Soybeans Rally on Fund-Buying
DES MOINES, Iowa (Agriculture.com)--Fund-buying helped the CME Group soybean market close double-digits higher Monday.
The July corn futures contract closed 6 cents lower at $4.77. The Dec. corn futures finished 5 cents lower at $4.75. The July soybean futures contract finished 20 cents higher at $14.85. The Nov. soybean futures ended 17 cents higher at $12.38. July wheat futures finished 1/4 of a cent higher at $6.74 per bushel. The July soymeal futures contract closed $10.30 per short ton higher at $490.50. The July soyoil futures finished $0.33 lower at $40.42. In the outside markets, the NYMEX Brent crude oil is $0.70 per barrel higher, the dollar is lower and the Dow Jones Industrials are 22 points higher.
Jack Scoville, PRICE Futures Group vice-president, says fund-buying is supporting the soybean rally.
"Well, soybeans are sharply higher and it must be fund-buying. Nothing is going on in the cash markets or the news to support the rally. Looks like the funds are buying after no stops hit on new lows for the move."
Spreads are weak. So, one wonders about the staying power of the rally, he says. "But some weird stuff."
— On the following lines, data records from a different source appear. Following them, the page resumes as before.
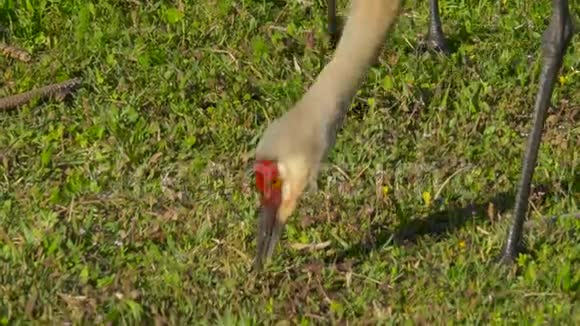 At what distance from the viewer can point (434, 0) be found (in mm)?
6984

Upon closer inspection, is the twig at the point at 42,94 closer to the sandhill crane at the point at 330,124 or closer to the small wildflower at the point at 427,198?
the sandhill crane at the point at 330,124

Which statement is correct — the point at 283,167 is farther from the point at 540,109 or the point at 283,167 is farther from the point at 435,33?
the point at 435,33

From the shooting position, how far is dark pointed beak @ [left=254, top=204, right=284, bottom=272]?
5.19m

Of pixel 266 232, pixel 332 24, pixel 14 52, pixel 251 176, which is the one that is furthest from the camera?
pixel 332 24

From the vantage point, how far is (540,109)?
17.5ft

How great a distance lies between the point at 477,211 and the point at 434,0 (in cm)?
163

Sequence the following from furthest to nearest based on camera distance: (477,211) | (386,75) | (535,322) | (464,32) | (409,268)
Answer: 1. (464,32)
2. (386,75)
3. (477,211)
4. (409,268)
5. (535,322)

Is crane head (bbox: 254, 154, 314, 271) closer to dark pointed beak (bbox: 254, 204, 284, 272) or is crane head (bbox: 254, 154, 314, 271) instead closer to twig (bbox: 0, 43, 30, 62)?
dark pointed beak (bbox: 254, 204, 284, 272)

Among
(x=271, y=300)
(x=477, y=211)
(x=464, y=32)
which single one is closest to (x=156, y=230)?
(x=271, y=300)

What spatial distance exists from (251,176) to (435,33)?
1484mm

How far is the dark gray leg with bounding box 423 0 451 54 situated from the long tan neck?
4.79 ft

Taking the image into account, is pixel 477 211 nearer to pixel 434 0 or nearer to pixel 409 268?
pixel 409 268

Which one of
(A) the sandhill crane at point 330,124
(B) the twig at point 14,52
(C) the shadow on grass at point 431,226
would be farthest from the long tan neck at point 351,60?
(B) the twig at point 14,52

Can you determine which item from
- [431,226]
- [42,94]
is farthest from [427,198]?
[42,94] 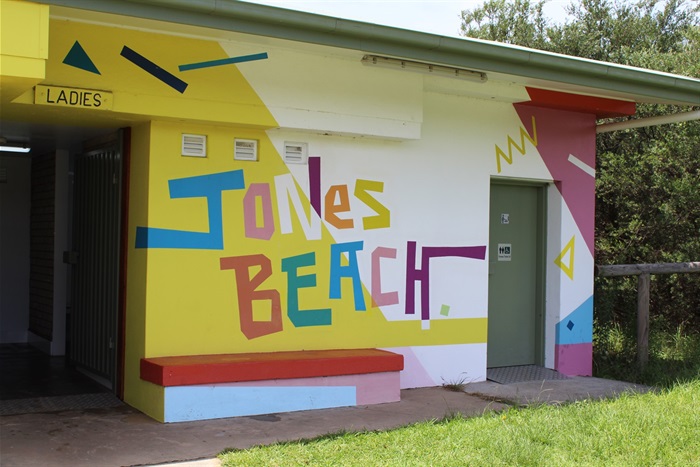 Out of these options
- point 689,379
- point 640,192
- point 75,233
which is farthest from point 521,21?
point 75,233

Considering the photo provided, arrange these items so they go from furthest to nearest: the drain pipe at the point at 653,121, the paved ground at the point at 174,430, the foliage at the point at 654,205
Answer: the foliage at the point at 654,205, the drain pipe at the point at 653,121, the paved ground at the point at 174,430

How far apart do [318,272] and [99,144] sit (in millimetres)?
2515

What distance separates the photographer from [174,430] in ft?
19.2

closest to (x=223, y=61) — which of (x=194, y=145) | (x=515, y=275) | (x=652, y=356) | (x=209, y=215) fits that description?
(x=194, y=145)

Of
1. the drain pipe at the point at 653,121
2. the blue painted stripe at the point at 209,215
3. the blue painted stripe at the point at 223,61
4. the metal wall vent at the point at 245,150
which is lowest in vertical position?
the blue painted stripe at the point at 209,215

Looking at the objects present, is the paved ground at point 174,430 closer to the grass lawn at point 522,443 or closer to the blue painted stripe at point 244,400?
the blue painted stripe at point 244,400

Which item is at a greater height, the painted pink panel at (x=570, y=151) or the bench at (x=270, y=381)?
the painted pink panel at (x=570, y=151)

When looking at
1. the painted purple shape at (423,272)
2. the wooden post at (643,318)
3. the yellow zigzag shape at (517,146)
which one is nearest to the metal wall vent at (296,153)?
the painted purple shape at (423,272)

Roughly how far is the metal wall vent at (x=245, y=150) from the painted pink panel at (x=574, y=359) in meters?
4.29

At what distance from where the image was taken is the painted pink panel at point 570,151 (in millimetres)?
8859

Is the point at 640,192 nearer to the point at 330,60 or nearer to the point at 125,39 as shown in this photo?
the point at 330,60

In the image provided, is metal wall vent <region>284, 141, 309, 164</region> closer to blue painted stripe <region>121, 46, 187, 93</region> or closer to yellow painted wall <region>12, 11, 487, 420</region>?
yellow painted wall <region>12, 11, 487, 420</region>

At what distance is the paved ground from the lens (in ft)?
17.0

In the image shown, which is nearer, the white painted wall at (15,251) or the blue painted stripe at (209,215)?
the blue painted stripe at (209,215) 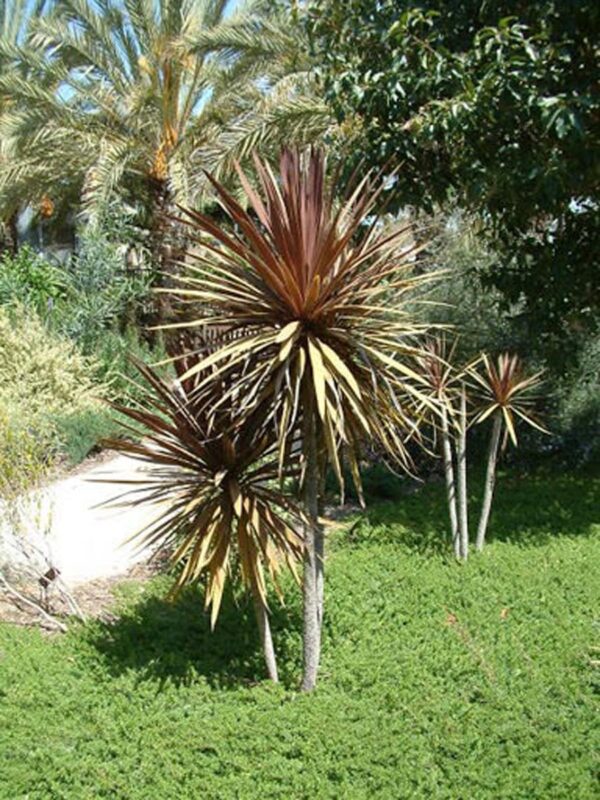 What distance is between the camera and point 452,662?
15.1 feet

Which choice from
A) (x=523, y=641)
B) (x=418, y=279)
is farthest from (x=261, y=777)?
(x=418, y=279)

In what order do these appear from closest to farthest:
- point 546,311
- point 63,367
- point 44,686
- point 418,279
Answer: point 418,279, point 44,686, point 546,311, point 63,367

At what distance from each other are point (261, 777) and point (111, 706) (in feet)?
3.20

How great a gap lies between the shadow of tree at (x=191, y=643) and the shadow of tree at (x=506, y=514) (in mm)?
1808

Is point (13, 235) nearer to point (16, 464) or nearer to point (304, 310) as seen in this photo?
point (16, 464)

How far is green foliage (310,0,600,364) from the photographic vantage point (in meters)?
5.64

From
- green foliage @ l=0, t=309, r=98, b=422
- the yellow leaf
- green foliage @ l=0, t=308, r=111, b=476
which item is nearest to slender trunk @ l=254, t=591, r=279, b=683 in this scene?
the yellow leaf

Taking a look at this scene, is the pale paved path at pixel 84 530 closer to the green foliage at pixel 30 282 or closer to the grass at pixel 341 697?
the grass at pixel 341 697

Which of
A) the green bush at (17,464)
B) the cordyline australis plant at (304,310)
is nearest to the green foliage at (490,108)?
the cordyline australis plant at (304,310)

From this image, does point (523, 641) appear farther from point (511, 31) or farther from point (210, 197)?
point (210, 197)

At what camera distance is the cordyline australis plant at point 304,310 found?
376 centimetres

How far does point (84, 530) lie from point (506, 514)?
4023 millimetres

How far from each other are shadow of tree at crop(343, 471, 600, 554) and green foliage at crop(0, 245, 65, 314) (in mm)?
7427

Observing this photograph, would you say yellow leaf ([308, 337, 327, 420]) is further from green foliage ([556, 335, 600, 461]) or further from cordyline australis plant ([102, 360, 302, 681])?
green foliage ([556, 335, 600, 461]) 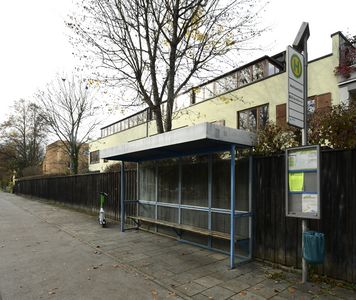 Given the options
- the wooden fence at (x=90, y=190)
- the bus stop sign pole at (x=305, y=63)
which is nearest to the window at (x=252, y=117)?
the wooden fence at (x=90, y=190)

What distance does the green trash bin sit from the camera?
14.9 feet

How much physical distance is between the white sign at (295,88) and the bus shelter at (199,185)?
1261 mm

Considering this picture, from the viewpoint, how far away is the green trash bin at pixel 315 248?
179 inches

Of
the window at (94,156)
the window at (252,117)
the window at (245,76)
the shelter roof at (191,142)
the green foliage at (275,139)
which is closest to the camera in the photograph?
the shelter roof at (191,142)

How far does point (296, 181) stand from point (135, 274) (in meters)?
3.35

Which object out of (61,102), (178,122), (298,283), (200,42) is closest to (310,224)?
(298,283)

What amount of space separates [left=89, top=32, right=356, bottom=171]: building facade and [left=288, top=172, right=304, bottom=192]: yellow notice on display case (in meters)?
4.71

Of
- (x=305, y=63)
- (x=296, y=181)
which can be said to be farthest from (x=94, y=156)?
(x=296, y=181)

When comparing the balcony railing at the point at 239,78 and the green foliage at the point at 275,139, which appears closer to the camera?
the green foliage at the point at 275,139

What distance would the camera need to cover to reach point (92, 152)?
39875 millimetres

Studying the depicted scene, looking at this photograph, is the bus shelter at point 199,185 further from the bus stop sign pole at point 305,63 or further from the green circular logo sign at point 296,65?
the green circular logo sign at point 296,65

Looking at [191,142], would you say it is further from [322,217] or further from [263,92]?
[263,92]

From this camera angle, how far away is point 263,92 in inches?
615

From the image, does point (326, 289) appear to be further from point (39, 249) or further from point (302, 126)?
point (39, 249) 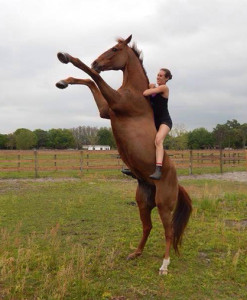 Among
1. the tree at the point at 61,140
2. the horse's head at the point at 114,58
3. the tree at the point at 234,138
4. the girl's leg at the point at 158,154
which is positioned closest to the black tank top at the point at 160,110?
the girl's leg at the point at 158,154

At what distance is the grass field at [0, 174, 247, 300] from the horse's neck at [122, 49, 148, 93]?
2284mm

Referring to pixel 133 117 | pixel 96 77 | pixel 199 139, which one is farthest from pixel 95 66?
pixel 199 139

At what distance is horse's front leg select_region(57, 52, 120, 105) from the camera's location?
11.9 feet

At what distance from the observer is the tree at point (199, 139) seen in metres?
74.8

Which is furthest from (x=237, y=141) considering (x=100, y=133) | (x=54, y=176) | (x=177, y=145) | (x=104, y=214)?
(x=104, y=214)

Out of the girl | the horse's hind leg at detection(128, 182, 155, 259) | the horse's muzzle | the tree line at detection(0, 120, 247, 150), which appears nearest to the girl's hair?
the girl

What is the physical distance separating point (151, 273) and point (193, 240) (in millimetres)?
1633

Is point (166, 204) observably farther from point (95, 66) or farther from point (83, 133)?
point (83, 133)

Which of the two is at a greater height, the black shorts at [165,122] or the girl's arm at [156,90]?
the girl's arm at [156,90]

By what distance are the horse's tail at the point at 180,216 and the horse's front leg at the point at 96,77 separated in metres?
1.97

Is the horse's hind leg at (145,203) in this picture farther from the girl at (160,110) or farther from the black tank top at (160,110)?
the black tank top at (160,110)

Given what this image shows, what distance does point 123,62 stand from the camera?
425cm

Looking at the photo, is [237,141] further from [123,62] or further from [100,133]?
[123,62]

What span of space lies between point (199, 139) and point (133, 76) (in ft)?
244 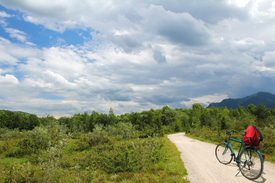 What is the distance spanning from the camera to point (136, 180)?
7.66m

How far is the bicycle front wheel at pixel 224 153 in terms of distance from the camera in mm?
7120

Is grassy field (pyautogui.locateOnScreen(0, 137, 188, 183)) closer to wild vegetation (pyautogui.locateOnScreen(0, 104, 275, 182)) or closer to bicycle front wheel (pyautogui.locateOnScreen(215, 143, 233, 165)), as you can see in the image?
wild vegetation (pyautogui.locateOnScreen(0, 104, 275, 182))

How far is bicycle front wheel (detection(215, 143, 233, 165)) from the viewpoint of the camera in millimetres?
7120

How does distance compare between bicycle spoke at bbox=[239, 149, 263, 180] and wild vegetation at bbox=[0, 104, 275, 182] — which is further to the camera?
wild vegetation at bbox=[0, 104, 275, 182]

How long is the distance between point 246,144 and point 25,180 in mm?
11079

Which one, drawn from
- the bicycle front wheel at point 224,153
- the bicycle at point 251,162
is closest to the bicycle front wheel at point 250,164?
the bicycle at point 251,162

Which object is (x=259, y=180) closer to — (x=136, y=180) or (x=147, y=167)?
(x=136, y=180)

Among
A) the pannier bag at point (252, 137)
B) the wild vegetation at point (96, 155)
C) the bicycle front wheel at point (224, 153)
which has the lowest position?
the wild vegetation at point (96, 155)

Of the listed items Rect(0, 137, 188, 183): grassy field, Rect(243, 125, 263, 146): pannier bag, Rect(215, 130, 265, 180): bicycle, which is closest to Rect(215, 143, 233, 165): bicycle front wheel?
Rect(215, 130, 265, 180): bicycle

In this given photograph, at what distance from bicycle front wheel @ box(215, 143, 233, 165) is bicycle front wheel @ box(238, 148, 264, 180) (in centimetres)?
86

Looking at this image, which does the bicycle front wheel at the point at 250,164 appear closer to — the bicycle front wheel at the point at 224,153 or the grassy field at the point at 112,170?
the bicycle front wheel at the point at 224,153

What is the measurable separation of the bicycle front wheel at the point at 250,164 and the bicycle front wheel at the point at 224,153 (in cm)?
86

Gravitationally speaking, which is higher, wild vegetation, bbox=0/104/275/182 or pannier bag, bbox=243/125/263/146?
pannier bag, bbox=243/125/263/146

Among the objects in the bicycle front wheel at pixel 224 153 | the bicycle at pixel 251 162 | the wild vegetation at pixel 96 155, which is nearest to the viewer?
the bicycle at pixel 251 162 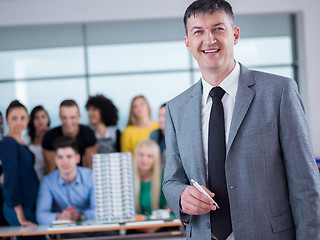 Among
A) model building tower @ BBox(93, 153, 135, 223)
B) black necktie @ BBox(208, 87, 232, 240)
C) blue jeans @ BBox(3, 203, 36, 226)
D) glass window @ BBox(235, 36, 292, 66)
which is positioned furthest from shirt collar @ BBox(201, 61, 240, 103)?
glass window @ BBox(235, 36, 292, 66)

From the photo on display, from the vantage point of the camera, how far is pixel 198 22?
1.62 metres

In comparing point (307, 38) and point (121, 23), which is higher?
point (121, 23)

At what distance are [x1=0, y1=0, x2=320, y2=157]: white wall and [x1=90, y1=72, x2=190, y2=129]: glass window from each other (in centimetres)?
98

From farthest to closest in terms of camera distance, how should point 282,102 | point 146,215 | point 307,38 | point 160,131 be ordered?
point 307,38
point 160,131
point 146,215
point 282,102

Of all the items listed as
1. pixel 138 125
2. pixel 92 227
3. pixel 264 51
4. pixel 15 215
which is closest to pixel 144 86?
pixel 138 125

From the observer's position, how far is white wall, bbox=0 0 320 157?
6.66 metres

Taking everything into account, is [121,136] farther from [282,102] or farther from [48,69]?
[282,102]

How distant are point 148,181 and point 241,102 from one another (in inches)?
133

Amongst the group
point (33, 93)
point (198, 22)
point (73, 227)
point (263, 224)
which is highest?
point (33, 93)

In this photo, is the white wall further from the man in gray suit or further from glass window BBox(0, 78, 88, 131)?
the man in gray suit

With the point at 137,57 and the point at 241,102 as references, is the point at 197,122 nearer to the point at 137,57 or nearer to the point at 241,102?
the point at 241,102

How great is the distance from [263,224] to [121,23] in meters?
5.93

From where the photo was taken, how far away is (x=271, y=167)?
1.53 metres

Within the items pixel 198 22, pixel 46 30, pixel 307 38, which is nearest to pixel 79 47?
pixel 46 30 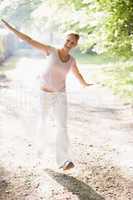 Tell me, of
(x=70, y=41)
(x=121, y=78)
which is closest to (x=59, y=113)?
(x=70, y=41)

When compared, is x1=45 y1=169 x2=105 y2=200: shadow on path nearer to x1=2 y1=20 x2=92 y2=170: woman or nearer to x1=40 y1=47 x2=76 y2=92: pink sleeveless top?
x1=2 y1=20 x2=92 y2=170: woman

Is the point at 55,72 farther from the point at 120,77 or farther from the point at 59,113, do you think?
the point at 120,77

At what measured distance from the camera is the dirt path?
5602 millimetres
Corn and wheat are lower on better weather, he says
"Wheat crops are supposed to get rain in the western Plains, by the end of the week. Plus, corn emerged is looking good, Scoville says. "Little if any news of problems from the cold last week."
The market sees the soybeans getting planted in a big way this week, and that should be negative, but I guess not," he says.